=== WHAT YOU NEED TO DO ===
Transcribe the listing below in full, exactly, with no images.

Segment Start: DATA BELOW

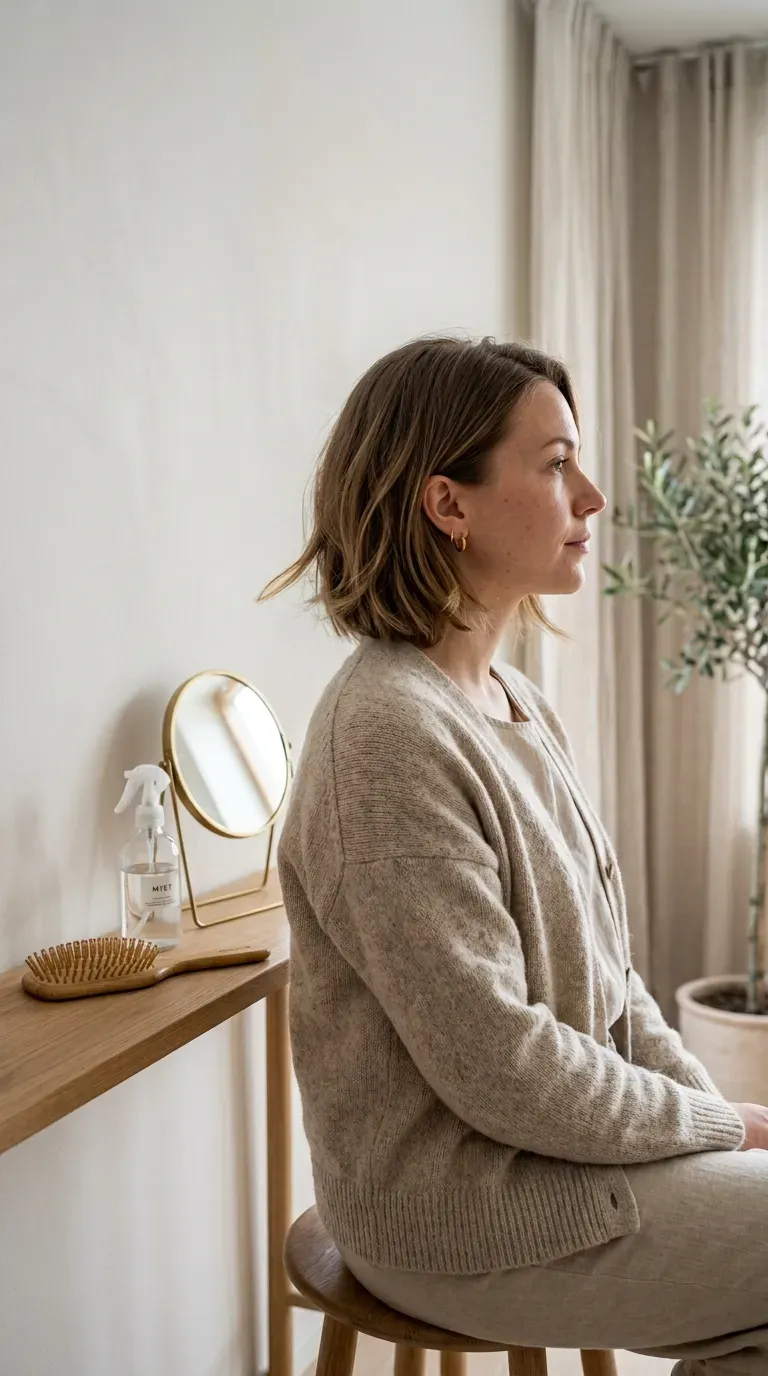 Woman with a subtly layered bob keeping density while adding light movement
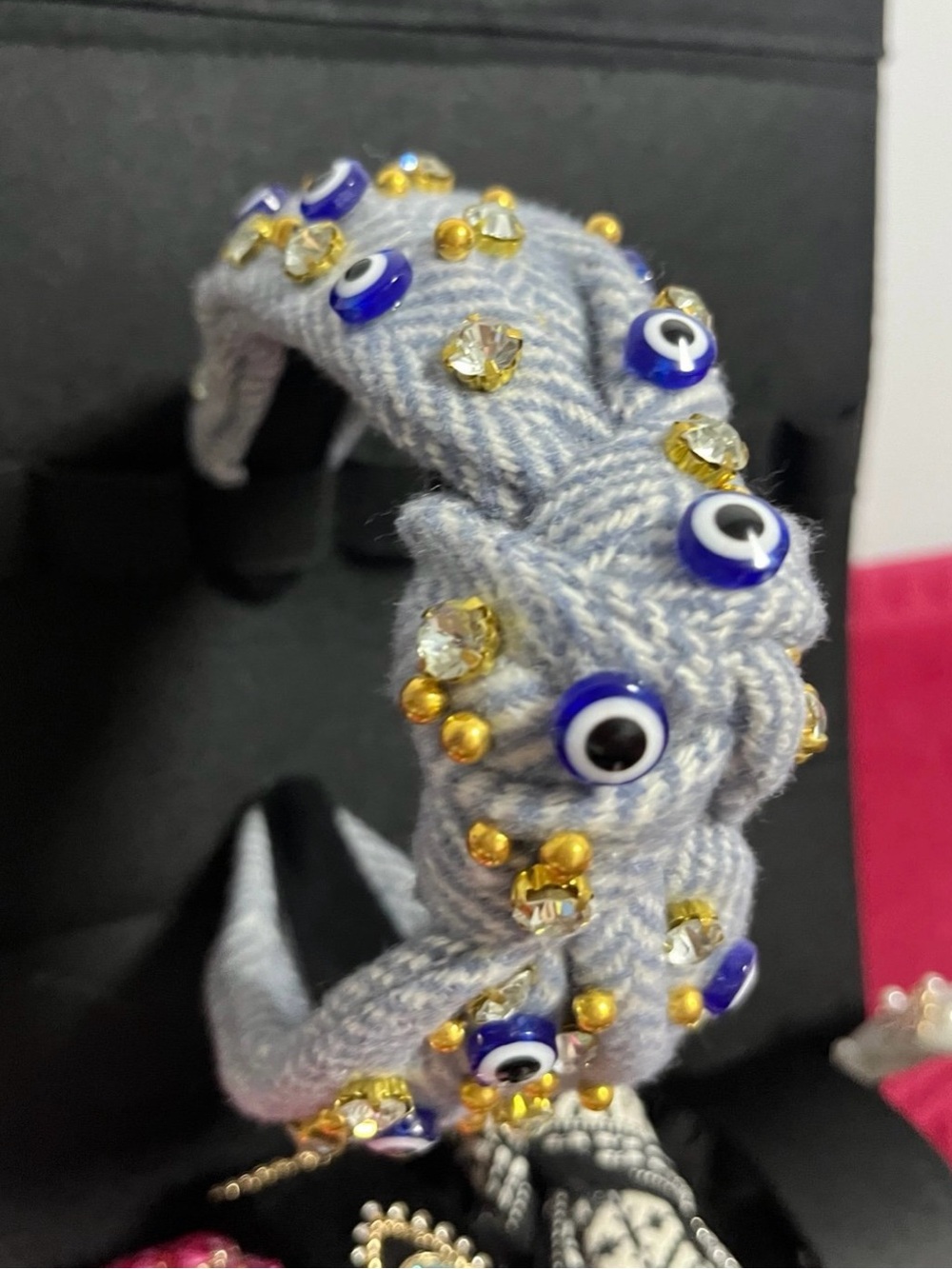 Light Blue Braided Headband with Blue Eye Bead Embellishments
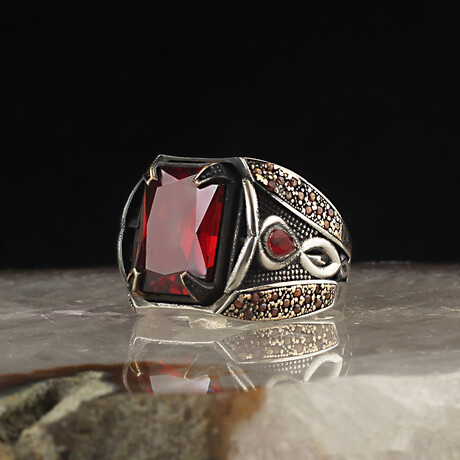 925 Sterling Silver Garnet Stone Men's Ring V2 // Silver + Red (6.5)
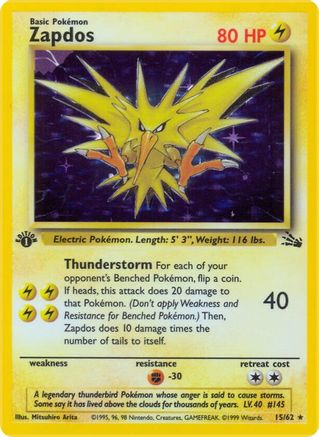Zapdos (15) (15) 015 - 1st Edition Holofoil Fossil - Holo Rare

Segment End: DATA BELOW

=== YOUR RESPONSE ===
 Woman with a subtly layered bob keeping density while adding light movement
 Light Blue Braided Headband with Blue Eye Bead Embellishments
 925 Sterling Silver Garnet Stone Men's Ring V2 // Silver + Red (6.5)
Zapdos (15) (15) 015 - 1st Edition Holofoil Fossil - Holo Rare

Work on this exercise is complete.